The United States has deployed regular army troops in the Northern half of Afghanistan to provide security for U.S. military personnel pursuing Osama bin Laden and his allies. The troop presence highlights the continuing danger in areas the Northern Alliance has retaken from the Taleban.
The U.S. soldiers from the 10th Mountain Division are believed to have arrived in Afghanistan several days ago from Uzbekistan. The army unit has had about 1,000 of its soldiers providing security at an airbase near the Uzbek border town of Termez, for the past several weeks.
One group of soldiers is now in the northern city of Mazar-i-Sharif. Another group is at an airbase in Bagram, north of the capital Kabul. The soldiers are described as "quick reaction forces" that can not only provide security, but can help evacuate American personnel in an emergency.
At the Bagram airbase, the soldiers have set up heavily guarded checkpoints and are conducting round-the-clock patrols of the area. Bagram was once a key military base for the Soviet Union during its occupation of Afghanistan during the 1980's.

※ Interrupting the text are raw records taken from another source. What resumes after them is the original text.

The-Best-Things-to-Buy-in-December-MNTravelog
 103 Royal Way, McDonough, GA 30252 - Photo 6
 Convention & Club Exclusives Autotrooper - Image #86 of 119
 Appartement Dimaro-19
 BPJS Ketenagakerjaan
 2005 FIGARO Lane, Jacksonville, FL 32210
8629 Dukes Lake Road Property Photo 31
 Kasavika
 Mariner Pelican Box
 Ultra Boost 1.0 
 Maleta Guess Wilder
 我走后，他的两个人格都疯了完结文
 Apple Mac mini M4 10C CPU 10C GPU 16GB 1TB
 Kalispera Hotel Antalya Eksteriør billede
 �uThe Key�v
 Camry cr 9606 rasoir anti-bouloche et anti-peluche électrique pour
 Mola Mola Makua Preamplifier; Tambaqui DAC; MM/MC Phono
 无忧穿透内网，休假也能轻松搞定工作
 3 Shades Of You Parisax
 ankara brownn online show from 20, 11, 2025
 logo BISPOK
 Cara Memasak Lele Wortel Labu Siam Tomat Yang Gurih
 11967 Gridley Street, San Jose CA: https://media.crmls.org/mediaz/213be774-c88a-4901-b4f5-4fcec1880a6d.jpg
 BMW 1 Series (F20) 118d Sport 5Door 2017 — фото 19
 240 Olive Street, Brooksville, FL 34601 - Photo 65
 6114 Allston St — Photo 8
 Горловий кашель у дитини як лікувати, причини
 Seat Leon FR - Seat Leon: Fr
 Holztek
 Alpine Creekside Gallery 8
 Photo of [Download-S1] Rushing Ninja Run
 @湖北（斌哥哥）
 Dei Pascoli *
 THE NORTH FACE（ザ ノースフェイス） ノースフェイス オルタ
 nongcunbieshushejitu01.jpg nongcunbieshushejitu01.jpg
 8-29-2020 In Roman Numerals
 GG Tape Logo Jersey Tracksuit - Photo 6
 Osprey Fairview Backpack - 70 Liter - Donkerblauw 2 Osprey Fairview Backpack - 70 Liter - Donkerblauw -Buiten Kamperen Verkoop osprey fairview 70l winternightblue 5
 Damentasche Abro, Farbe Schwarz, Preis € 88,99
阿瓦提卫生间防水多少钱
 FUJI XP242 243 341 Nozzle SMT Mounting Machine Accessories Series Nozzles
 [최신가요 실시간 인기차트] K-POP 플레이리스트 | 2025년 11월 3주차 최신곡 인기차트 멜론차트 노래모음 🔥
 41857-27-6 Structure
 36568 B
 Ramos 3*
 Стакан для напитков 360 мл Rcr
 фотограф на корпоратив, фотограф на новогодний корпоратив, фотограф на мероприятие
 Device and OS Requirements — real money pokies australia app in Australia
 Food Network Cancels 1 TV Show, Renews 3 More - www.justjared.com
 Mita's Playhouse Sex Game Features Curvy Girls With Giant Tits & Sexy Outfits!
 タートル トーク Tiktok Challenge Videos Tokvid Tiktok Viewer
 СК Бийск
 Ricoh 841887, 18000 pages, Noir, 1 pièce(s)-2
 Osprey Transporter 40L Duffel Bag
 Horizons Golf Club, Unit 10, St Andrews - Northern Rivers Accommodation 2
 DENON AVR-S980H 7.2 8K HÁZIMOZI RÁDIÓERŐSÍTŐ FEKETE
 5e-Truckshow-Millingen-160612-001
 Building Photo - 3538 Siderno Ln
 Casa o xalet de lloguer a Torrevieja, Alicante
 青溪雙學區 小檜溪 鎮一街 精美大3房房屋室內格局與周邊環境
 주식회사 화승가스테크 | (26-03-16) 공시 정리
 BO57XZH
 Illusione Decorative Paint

Sargeant Ray Cordell, spokesman for the 10th Mountain Division, said the United States is planning to use the airfield primarily for coordinating relief flights that will expand delivery of humanitarian supplies. "I want to get Air Force personnel in here within five days and start setting up a way to start bringing in aircraft in here on an even flow," he said. "Now does that mean in five days it is going to actually begin? No, it means that in five days there will be people on the ground to start this happening."
Several hundred U.S. forces have been in Afghanistan for weeks, working with anti-Taleban Northern Alliance forces. Although the Northern Alliance now controls more than half of Afghanistan, many areas are not adequately policed and have become lawless.